JAK and SYK Inhibitors:
Controlling Immune System Signals

A kinase is an enzyme in the body involved in immune system functions. In diseases like RA, various pathways or signals between key cells can function abnormally, so researchers are looking at new treatments that may inhibit or “turn off” these improper signals.

Tofacitinib (Xeljanz) is an oral medicine approved by the FDA to treat RA in 2012. It’s intended to stop the Janus Associated Kinase, making it a JAK-inhibitor.

Researchers working on another drug, SB1578, reported favorable results in inhibiting the kinase JAK-2 at the annual ACR meeting in November. An early study of rats with RA treated with SB1578 showed the drug helped normalize cytokine levels. It is now involved in clinical trials recruiting human patients.

In addition to JAK inhibitors, investigators are also working on inhibiting the spleen tyrosine kinase (SYK). A Phase II study of the oral SYK-inhibitor fostamatinib reported in The New England Journal of Medicine in 2010 focused on 457 patients with active RA taking methotrexate as well.
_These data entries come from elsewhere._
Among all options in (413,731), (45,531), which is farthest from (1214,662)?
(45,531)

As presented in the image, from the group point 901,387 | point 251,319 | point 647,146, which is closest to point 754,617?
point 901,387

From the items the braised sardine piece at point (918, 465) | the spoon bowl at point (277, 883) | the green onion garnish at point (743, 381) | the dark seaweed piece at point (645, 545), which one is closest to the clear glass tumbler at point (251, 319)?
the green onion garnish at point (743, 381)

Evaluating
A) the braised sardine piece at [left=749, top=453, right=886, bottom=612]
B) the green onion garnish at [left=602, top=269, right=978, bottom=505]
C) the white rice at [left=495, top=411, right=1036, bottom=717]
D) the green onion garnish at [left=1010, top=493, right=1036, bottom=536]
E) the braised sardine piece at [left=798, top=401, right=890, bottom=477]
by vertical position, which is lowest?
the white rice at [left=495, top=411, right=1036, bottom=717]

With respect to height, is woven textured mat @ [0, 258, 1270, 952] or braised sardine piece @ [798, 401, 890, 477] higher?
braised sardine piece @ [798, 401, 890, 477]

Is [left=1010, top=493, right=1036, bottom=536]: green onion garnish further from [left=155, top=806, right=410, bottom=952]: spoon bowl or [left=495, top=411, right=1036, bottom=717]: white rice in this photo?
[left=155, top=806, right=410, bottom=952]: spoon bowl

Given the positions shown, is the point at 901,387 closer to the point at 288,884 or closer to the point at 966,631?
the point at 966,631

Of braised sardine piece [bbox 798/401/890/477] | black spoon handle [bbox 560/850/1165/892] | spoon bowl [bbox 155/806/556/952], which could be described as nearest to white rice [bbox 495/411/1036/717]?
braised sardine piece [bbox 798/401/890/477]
Around two-thirds of the patients showed significantly reduced disease activity by adding fostamatinib daily.  A new clinical trial of the drug comparing it to adalimumab (Humira) treatment for RA patients is currently recruiting participants.
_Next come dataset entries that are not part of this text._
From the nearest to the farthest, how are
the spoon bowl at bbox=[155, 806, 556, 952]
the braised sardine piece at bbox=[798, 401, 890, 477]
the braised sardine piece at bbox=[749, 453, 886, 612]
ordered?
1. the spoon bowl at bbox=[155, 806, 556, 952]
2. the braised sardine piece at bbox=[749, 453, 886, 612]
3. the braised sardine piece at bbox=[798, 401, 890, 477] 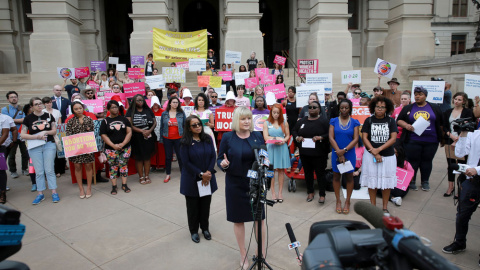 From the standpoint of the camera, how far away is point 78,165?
652 cm

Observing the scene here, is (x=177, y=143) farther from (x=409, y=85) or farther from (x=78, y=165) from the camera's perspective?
(x=409, y=85)

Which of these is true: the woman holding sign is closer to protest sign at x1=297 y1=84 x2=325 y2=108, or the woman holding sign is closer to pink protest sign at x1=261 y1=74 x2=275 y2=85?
A: protest sign at x1=297 y1=84 x2=325 y2=108

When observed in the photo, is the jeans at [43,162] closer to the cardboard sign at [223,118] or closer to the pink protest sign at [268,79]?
the cardboard sign at [223,118]

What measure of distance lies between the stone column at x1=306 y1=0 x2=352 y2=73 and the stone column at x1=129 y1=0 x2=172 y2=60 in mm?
8214

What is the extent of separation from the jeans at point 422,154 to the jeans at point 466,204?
251cm

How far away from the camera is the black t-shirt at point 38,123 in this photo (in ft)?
20.5

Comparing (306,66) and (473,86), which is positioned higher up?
(306,66)

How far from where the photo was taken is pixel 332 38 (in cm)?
1659

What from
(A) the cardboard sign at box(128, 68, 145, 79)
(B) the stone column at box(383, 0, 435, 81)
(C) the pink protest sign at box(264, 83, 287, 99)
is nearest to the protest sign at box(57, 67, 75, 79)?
(A) the cardboard sign at box(128, 68, 145, 79)

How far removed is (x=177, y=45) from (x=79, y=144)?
33.6 ft

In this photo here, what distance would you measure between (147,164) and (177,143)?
0.87 metres

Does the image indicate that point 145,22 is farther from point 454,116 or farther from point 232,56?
point 454,116

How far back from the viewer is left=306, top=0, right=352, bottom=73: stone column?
16.6 m

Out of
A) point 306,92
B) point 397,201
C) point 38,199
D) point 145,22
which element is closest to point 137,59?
point 145,22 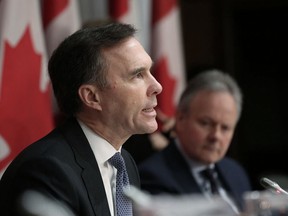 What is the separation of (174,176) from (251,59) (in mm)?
2219

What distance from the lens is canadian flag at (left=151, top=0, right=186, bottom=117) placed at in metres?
4.05

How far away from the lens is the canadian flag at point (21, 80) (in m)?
2.76

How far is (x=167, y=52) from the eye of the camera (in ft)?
13.4

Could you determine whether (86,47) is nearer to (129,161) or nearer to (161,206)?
(129,161)

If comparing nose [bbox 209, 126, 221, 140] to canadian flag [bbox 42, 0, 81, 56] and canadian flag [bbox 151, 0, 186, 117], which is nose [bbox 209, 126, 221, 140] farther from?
canadian flag [bbox 151, 0, 186, 117]

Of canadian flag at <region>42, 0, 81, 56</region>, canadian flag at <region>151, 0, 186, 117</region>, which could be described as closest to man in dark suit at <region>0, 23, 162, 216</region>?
canadian flag at <region>42, 0, 81, 56</region>

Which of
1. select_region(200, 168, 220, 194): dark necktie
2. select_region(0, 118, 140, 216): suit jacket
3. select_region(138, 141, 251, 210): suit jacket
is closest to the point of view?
select_region(0, 118, 140, 216): suit jacket

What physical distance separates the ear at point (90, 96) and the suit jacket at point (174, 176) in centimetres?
78

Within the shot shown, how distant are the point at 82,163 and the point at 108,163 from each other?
0.35 ft

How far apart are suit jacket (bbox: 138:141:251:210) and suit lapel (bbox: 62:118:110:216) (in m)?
0.79

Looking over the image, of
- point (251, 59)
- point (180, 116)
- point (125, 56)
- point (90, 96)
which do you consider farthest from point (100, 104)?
point (251, 59)

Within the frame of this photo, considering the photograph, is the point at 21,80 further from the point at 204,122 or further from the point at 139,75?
the point at 139,75

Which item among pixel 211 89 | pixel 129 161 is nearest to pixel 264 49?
pixel 211 89

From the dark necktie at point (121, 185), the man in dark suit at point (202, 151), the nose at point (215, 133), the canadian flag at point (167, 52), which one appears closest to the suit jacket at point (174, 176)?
the man in dark suit at point (202, 151) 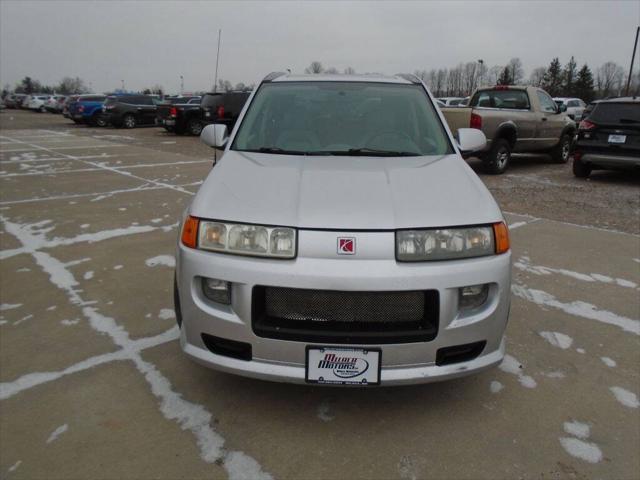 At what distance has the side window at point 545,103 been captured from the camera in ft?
35.8

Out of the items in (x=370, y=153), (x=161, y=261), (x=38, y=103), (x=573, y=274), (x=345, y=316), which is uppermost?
(x=38, y=103)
More Ways to Control Rheumatoid Arthritis

Vitamin D, which the body absorbs through sun exposure and from foods like fish or fortified milk, is being studied for many health benefits. Vitamin D helps the body absorb and maintain levels of calcium. A group of U.S. and Canadian scientists published a study in 2010 that examines the benefits of intensive vitamin D therapy for RA patients. Many people with RA test low for vitamin D levels in their blood. This study of 89 RA patients showed that to maintain normal levels of vitamin D, people with RA may need to take much higher doses of supplements than the rest of the population.
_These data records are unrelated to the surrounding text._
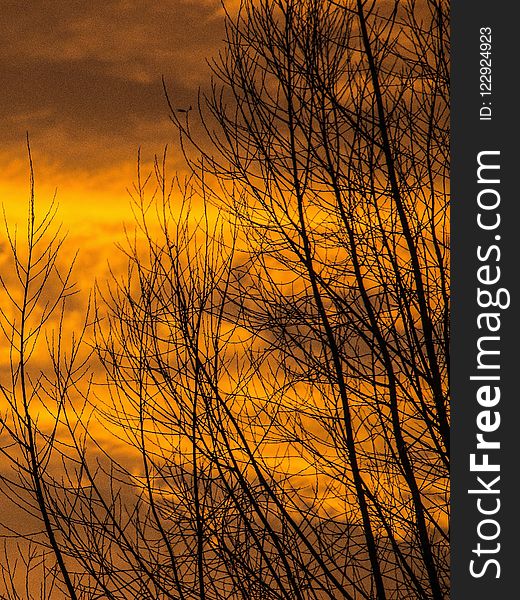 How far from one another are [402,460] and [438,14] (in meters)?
2.59

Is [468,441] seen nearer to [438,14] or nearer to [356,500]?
[356,500]

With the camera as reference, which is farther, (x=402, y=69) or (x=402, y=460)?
(x=402, y=69)

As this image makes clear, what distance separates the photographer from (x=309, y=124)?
4.53 meters

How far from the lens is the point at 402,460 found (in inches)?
159

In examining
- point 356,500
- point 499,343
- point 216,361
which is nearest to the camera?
point 499,343

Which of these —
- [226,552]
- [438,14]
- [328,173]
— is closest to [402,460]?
[226,552]

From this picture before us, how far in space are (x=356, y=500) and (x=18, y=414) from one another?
6.55 ft

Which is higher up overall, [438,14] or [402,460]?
[438,14]

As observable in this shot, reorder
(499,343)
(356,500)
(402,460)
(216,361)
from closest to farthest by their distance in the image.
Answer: (499,343)
(402,460)
(356,500)
(216,361)

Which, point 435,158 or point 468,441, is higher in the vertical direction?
point 435,158

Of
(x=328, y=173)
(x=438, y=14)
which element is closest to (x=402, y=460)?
(x=328, y=173)

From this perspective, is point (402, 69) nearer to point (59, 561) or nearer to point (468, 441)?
point (468, 441)

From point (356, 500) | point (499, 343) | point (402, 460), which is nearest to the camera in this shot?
point (499, 343)

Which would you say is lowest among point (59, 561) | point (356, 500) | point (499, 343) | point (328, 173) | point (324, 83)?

Statins, a group of drugs widely used for lowering cholesterol and preventing heart disease, are being studied for their effectiveness in fighting inflammation and autoimmunity. An Israeli study published in 2010 showed that statin use may lower the risk of developing RA.

One group of researchers in California is working on a drug called ASP2408 that aims to decrease the production of inflammation-causing T-cells in RA more effectively. Part of a group of treatments called CTLA4-Ig therapies, which includes the RA drug abatacept (Orencia), this drug is in a Phase I clinical trial now.